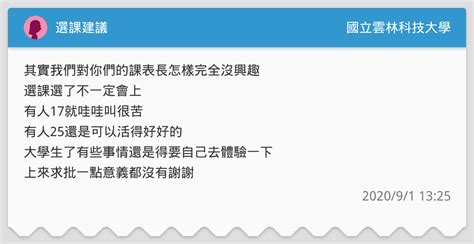 選課建議 國立雲林科技大學板 Dcard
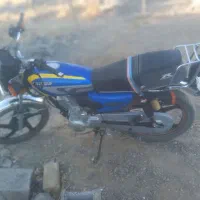 موتور  سالم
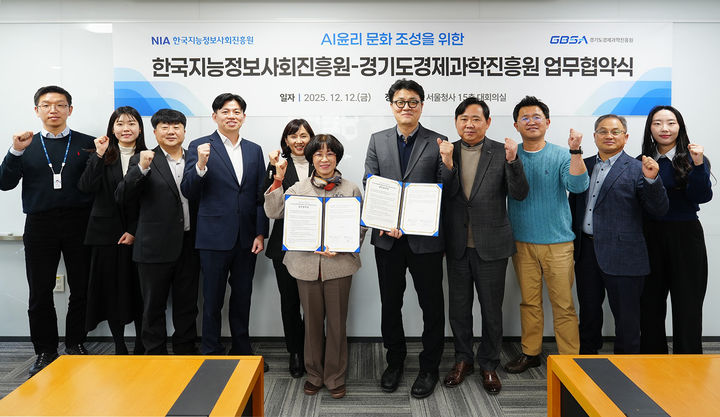 [수원=뉴시스] 인공지능(AI)·디지털 윤리 역량 강화 위한 업무협약식. (사진=경기도경제과학진흥원 제공) 2025.12.12. photo@newsis.com *재판매 및 DB 금지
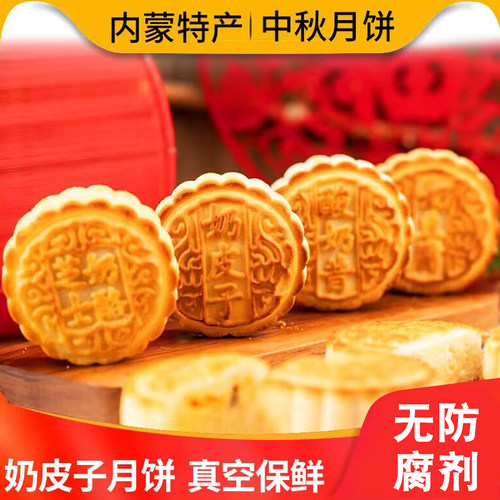 奶皮子月饼内蒙古芝士奶豆腐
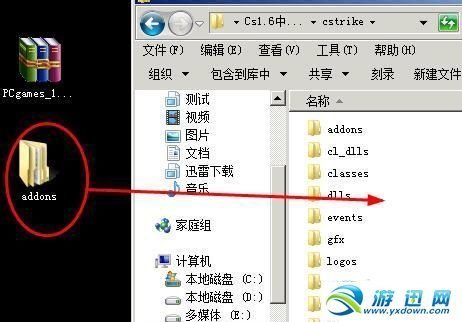 cs1.6怎么加电脑人？如何加机器人？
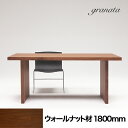 エクストラ ダイニングテーブルW1800mm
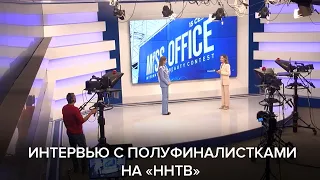 Интервью с полуфиналистками из Нижнего Новгорода на канале «ННТВ»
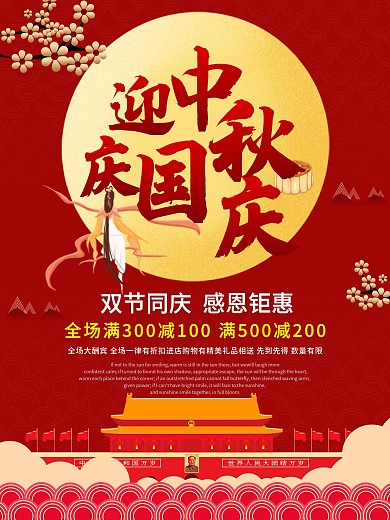 迎中秋庆国庆中秋海报国庆海报月饼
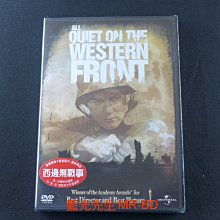 [藍光先生DVD] 西線無戰事 All Quiet on the Western Front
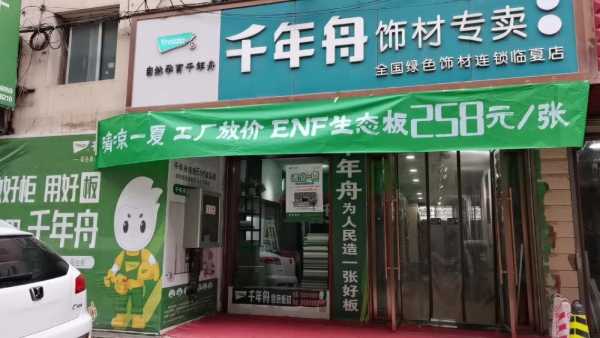 板材网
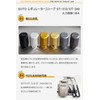 EnHike Heat Control Knob Thermal Power Adjustment Knob for SOTO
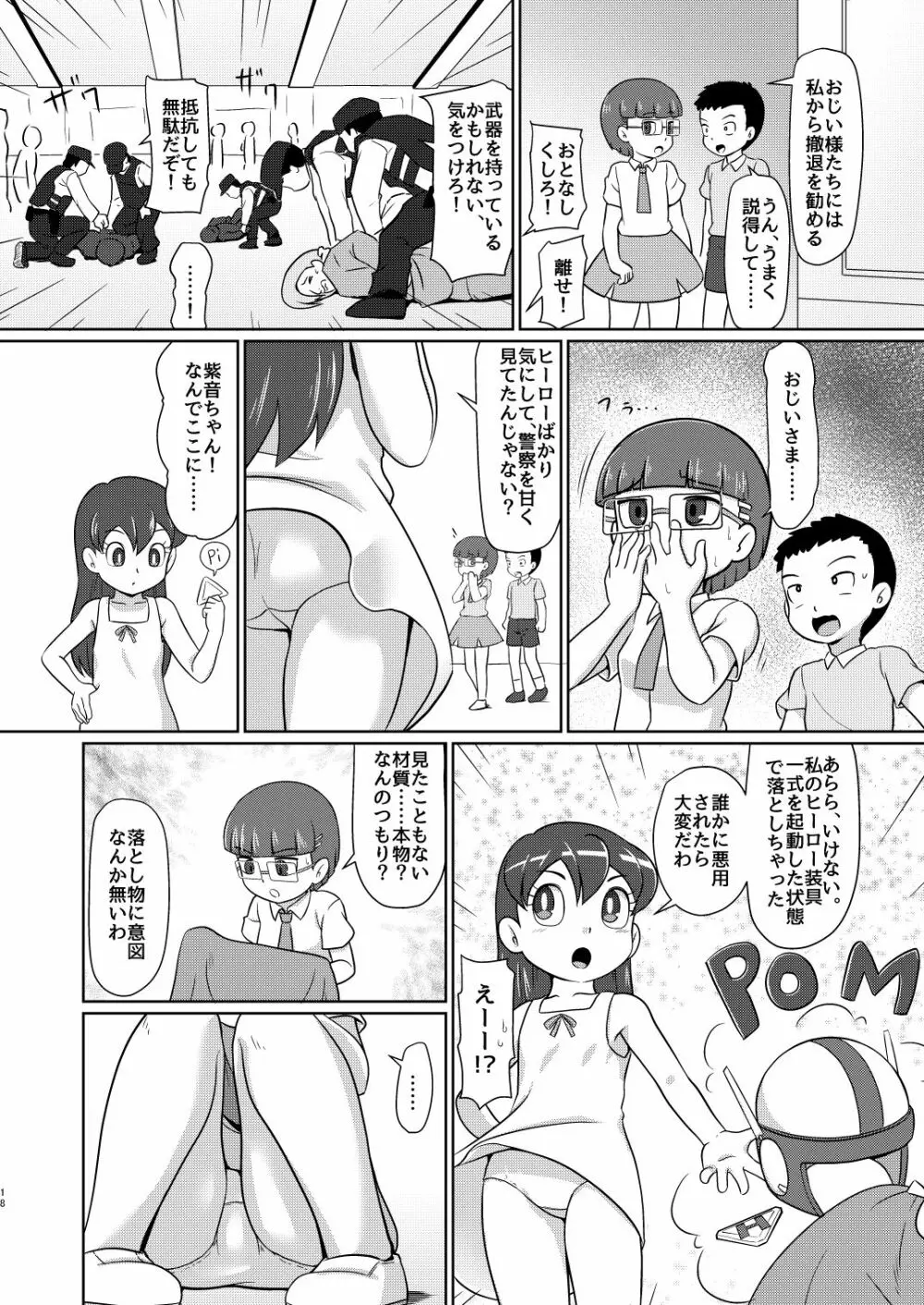 僕のワン子 後編 17ページ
○ ○ ○ ○
ACTIVITY: Working down from the line with "[수원=뉴시스] 인공지능(AI)·디지털 윤리", copy each line exactly until the last line of the entries, which is also included. Omit the pictures.

RESPONSE:
 [수원=뉴시스] 인공지능(AI)·디지털 윤리 역량 강화 위한 업무협약식. (사진=경기도경제과학진흥원 제공) 2025.12.12. photo@newsis.com *재판매 및 DB 금지
 奶皮子月饼内蒙古芝士奶豆腐
 cs1.6怎么加电脑人？如何加机器人？
 エクストラ ダイニングテーブルW1800mm
 Интервью с полуфиналистками из Нижнего Новгорода на канале «ННТВ»
 迎中秋庆国庆中秋海报国庆海报月饼
 [藍光先生DVD] 西線無戰事 All Quiet on the Western Front
 板材网
 EnHike Heat Control Knob Thermal Power Adjustment Knob for SOTO
 僕のワン子 後編 17ページ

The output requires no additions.